We'll be at HHN this weekend. We'll going out Sat for a bit to mess around and get some diesel, but otherwise have some projects we'll be working on. Come on over to C dock and say hello. Boat name is also Paperbird. We can swap stories (lies) and compare notes.

best
greg


----------



## Net0man (Jun 3, 2013)

PaperBird,

It was great meeting and chatting with you briefly. You have a really nice boat. Is it a Morgan center cockpit? Anyway, my wife and I have planned for the Solomons trip and we are excited.  We will leave at sunrise so we have the day to get there. Happy fourth of July.

Tad


----------



## chrisd4700 (Sep 29, 2006)

Spring Cove is one of our all time favorite marina's.
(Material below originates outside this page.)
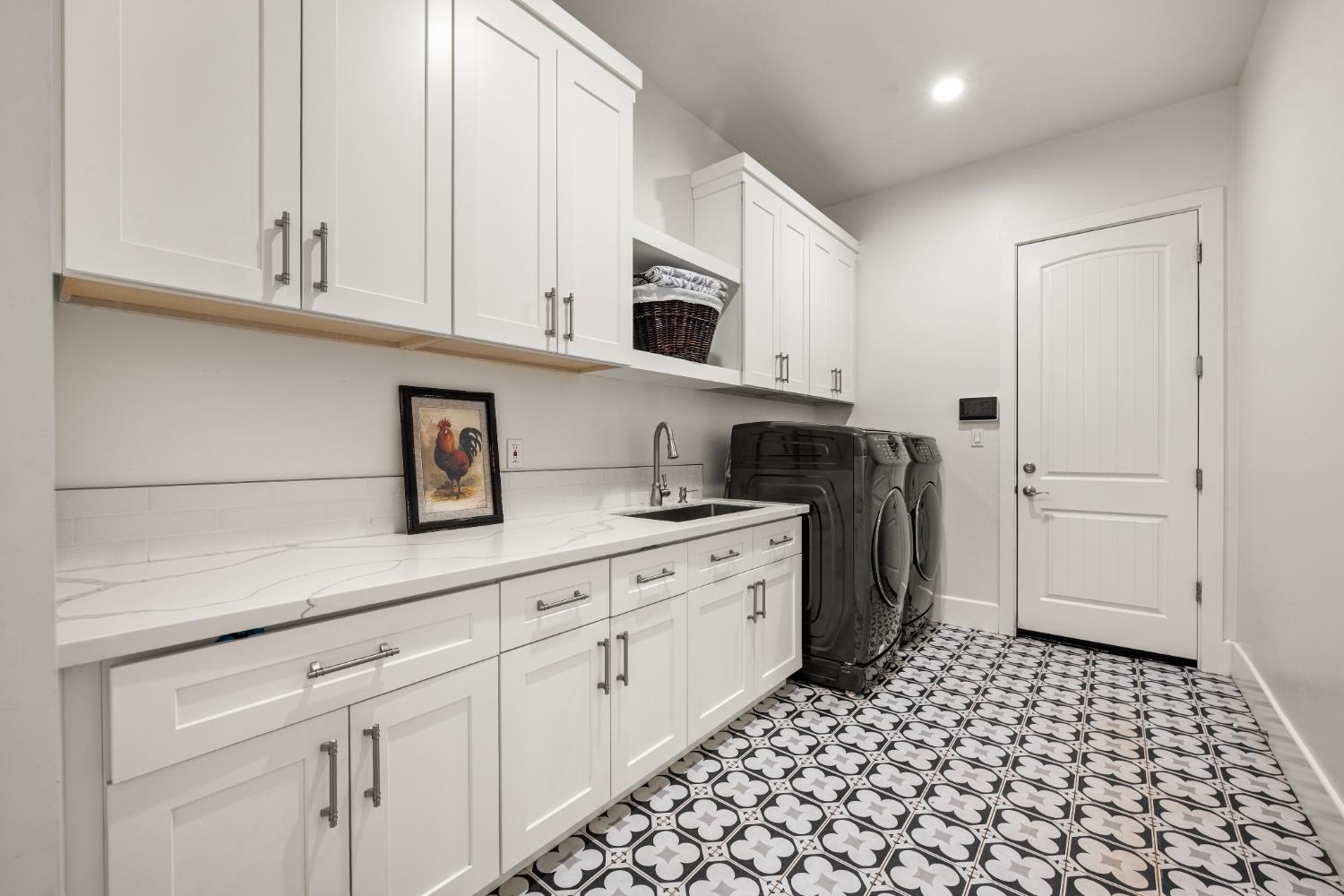 3050 Rattlesnake Road Newcastle, CA 95658 - Photo 32 of 80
Trevor and Liz will give you top notch service. Their son Will is fantastic as well. The Calvert Marine Museum is a great place to visit. We are going back to Spring Cove in a few weeks. We come up from Lauderdale to stay there at least once a summer. You made a great choice. I visited Zanheiszer's and had dinner in the restaurant on someone's suggestion. Worst service I've ever received. The bartender talked on her cellphone the entire time we sat there. Anyway... Spring Cove it great. Visit the Tiki Hut and ask Drew to make you a Dark and Stormy. 
Have fun!
Chris D.
s/v Vacilando
Vacilando : A man, a woman, a dog, and a sailboat. Follow us as we write about hopes, dreams, love, travel, and life aboard Vacilando, our Cal 35.


----------



## arknoah (Oct 31, 2010)

You got recommendations on the two best marinas in Solomon's. I hope you like Spring Cove: it's where I get all my service done. Visiting wise, the Marina museum, Stoney's and Ruddy Duck are good places, as are the ice cream shop on the boardwalk and the boardwalk itself. I really don't like the atmosphere of the Tiki Bar and don't recommend it.


----------



## Net0man (Jun 3, 2013)

Good morning. We are at Spring Cove Marina and its a real nice place. Their staff are very helpful. The trip we had from Herrington Bay to Solomons was HELL. 
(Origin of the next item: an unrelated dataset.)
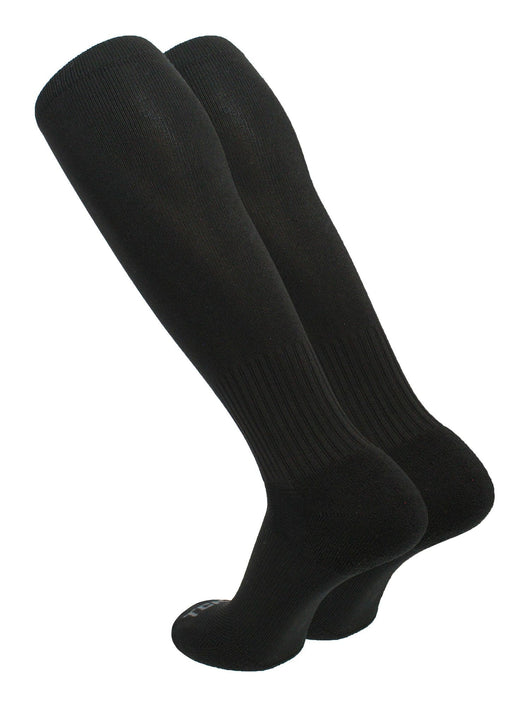 TCK socks Champion Over the Calf Socks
My wife and I left our home dock at around 9:30 am. The wind from south was over 10 knots all day and the waves were from 2 to 5 feet. I think it was too much for our club boat 25 hunter. We had difficult time tacking and jibing. It took us 8 hours to sail to Kenwood Beach. We were exhausted and decided to fire up the boat's motor. We used the motor for 4 hours then we ran out of gas when we passed the Little Cove Point. 
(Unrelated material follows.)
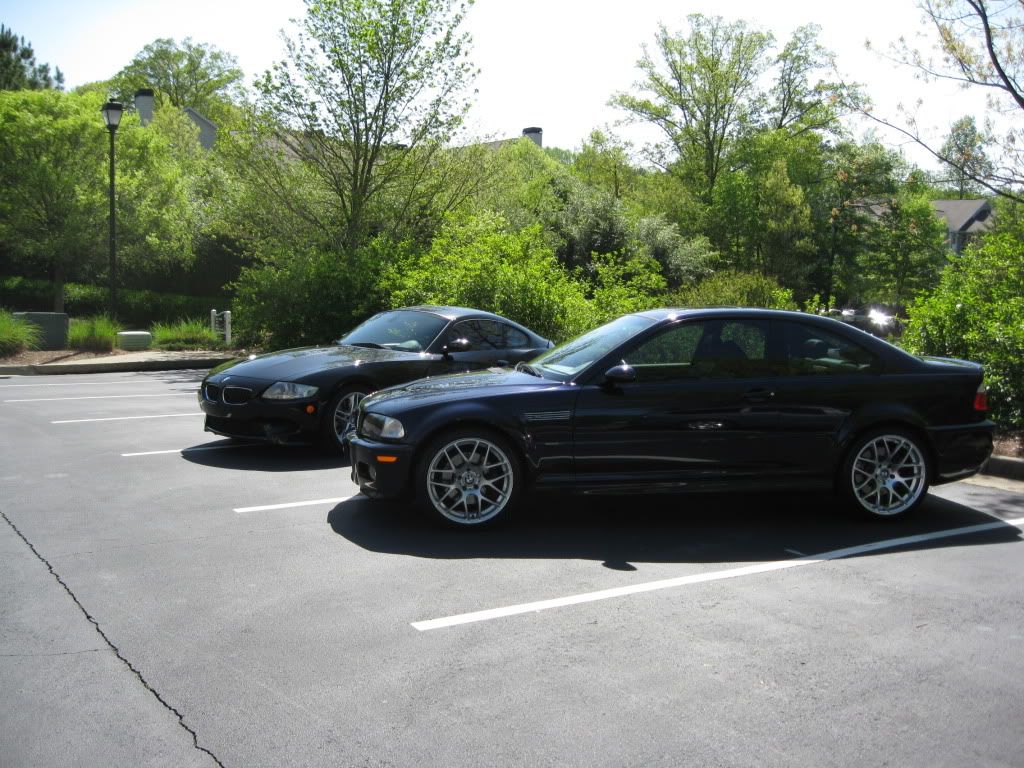 e48e86m002.jpg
Luckily we are insured with BoatUS. We called their towing service and had them tow us to finish the trip. The tow lasted 45 minutes. Hallelujah, we made the trip but we were in over our head when we planned the trip.

There were staff lend us an electrical cord because we didn't bring ours. They brought us a full 5 gallons gas can! We have a porta potty in the club boat and we couldn't figure how to take off the top half and remove the bottom from the floor. So, the staff volunteered to perform the task and showed me how to do it. He also poured out and washed out the bottom potty. Again, the Spring Cove Marina is awesome. We are very grateful that we made the trip safely and we have helpful people at the marina. 

My concern is about returning to our home dock tomorrow. I will need to study the wind forecast more closely. Is there a forecast for waves? We thought about making a stop on way back so we don't have to stretch ourselves to finish the LONG return trip. What marina do you recommend to stop for a night?


----------



## T37Chef (Oct 9, 2006)

Sounds like not much fun, consider getting to know the boat better before taking off on a few day cruise. (the fact that you didn't know how to clean the porta potty is a pretty good indicater  ) Always have an alternate plan. Sailing a boat you're not familiar with in those conditions yesterday that far was a bit foolish IMO. You put yourself and guest in an unnecessary circumstance, just something to think about next time. You want everyone to enjoy themselves.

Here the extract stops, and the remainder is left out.